違う美しい容姿、1両という特異性が気になり、小学1年生の頃に図鑑で初めて見て以来、

ずっと愛し続けて来た、憧れの電気機関車で、それはこのキットにも同じ思いがありました。

もちろん、何度かこのキットの製作にトライしましたが、子供の頃の腕では所詮それなりで、

元々走らす事が難しい鉄道模型プラモデルなので、素組でカタチにするだけで、悦に浸って

楽しんでいたに過ぎず、またその作った物も、知らない間に私のもとから消えていました。

 

未製作のストックは15年程前に再び入手し、以来大切に温存しているのですが、今の技術で

もう一度作ってみたくなり、ネットオークションで探してみると、たまに出品されていたとしても物凄い高額品となっており、未製作品を再度入手する事など、今の私にはとても不可能です。
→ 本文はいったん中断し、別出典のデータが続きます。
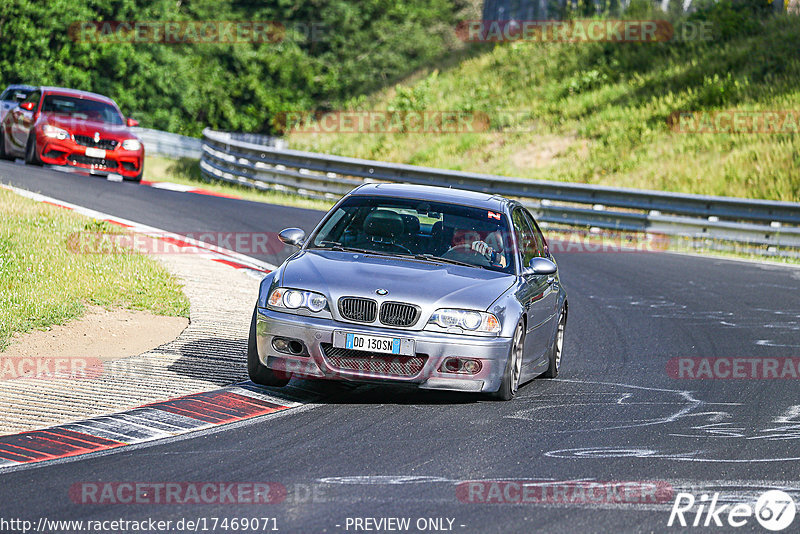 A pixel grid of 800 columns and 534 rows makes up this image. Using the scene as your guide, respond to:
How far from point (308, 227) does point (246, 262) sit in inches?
171

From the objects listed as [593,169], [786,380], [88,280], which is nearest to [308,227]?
[88,280]

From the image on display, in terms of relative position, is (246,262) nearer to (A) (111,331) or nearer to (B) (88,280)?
(B) (88,280)

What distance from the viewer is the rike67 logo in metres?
5.65

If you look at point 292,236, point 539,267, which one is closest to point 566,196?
point 539,267

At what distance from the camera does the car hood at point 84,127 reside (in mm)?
23719

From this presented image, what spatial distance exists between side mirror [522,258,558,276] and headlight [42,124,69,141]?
16635mm

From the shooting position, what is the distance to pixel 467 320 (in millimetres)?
8117

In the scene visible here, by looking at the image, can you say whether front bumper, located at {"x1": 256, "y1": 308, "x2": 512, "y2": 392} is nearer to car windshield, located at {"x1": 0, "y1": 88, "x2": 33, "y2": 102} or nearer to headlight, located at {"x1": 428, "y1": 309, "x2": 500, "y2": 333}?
headlight, located at {"x1": 428, "y1": 309, "x2": 500, "y2": 333}

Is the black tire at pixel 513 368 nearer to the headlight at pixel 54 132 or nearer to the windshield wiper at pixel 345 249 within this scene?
the windshield wiper at pixel 345 249

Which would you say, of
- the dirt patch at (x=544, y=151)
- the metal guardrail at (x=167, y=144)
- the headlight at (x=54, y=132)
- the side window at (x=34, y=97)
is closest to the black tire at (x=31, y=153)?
the headlight at (x=54, y=132)

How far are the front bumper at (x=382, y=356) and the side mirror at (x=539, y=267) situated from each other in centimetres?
111

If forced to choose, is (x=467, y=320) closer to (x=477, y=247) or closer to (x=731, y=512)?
(x=477, y=247)

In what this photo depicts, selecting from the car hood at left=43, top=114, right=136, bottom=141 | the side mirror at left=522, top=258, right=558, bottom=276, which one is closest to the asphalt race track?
the side mirror at left=522, top=258, right=558, bottom=276

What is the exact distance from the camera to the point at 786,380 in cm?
1002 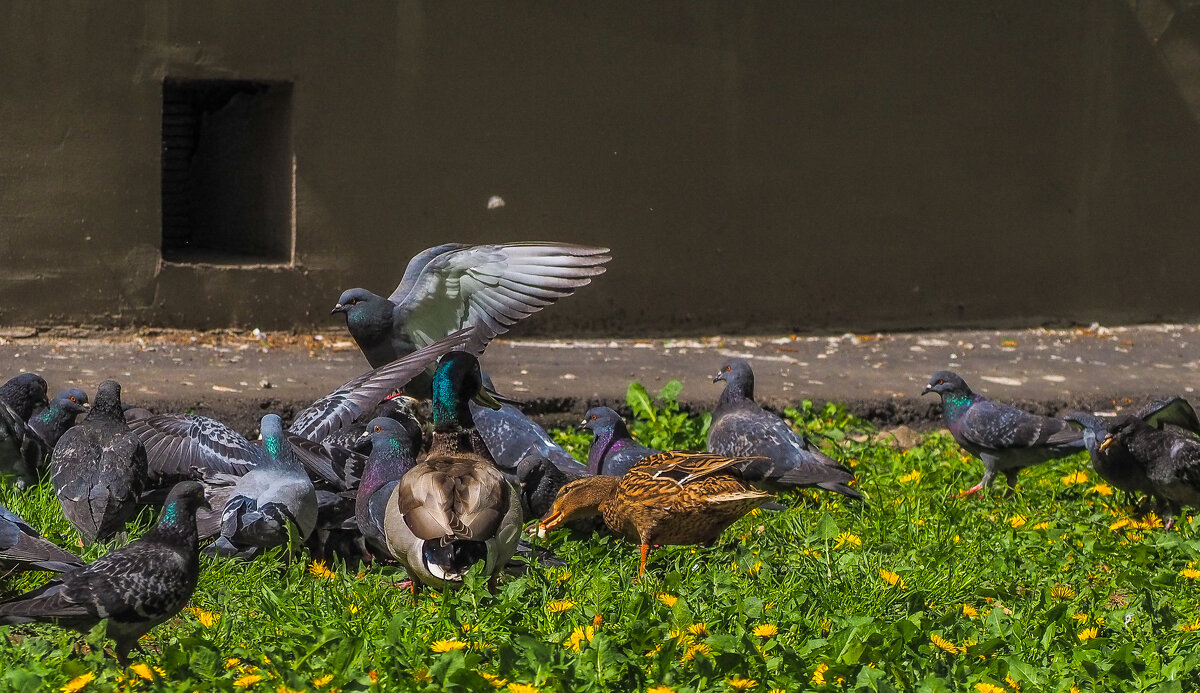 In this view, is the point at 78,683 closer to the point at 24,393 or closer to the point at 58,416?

酷い組立済みのジャンク品でも探さないと、もう一度製作するは、到底無理と思いましたが、

やっとの思いで、この『製作放棄品』を入手する事が出来ました。今の私に入手出来る限界が

この様な状態である事が、キットの希少価値を表しており、心してレストアに掛かります。

 

箱は良好で、ストックの箱よりも、一部は綺麗だったのですが、レストアする本体は壮絶です。初めて箱を開けた時の印象は、『えらい物件に手を出してしまった、どうしようか・・』でした。

元々バラバラのボディは、組み立てられていたのですが全体に歪んでおり、もっと言うと

平行四辺形で組まれ、接着剤もはみ出し放題、屋根の碍子に至っては、絶句するぐらいの、

或る意味、芸術的でシュールな装着状態で、他の碍子は接着後に折れたのか、足が屋根に

残ったまま放置され、接着剤の跡が全ての孔の周りに残り、どうにでもなれと言った感です。

どうやら年少者が、組み立て放棄した雰囲気ですが、私が子供の頃に組み立てた時でも、ここまで酷い事はせず、ボディもちゃんと箱にし、碍子も孔を広げてキチンと差し込みました。

 

下周りは案外と落ち着いている様ですが、そのまま組んだだけで、絶対に動作しません。

ここでも接着剤がはみ出しは勿論、台車の左右対称も考えておらず、分解は絶対です。

 

パンタグラフとスカートも、歪みやズレが当たり前のように、何とも雑に組まれています。

特にパンタグラフは細い上に、接着面積が小さいにもかかわらず、接着剤が盛大にはみ出て

もう原形での分解は99%不可能と思われるので、何らかの対策で、新たな手を考えます。

スカートも少しだけアップデートし、少しでもED92形の『顔』に近づけてみたいと思います。

 

前回のレストア大作、バンダイのホンダTN360に続いて、絶版のマブチFA13モーター。動作するかしないか、これによって今回のレストア進行方針が、大きく変わります。

シャフトに動力伝達用のゴムチューブが粉々になった残骸の状態で、一部が残っています。

 

袋にまとめて入れられていた、小間物パーツ一式。原始的なスイッチには怪しい状態にて

取り付けられた金具、脚が折れたと見られる電池金具ユニット、屋根から外れたままの碍子、

見るだけで、今後のレストアにおける様々な苦難が窺い知れる様で、気が滅入る様です。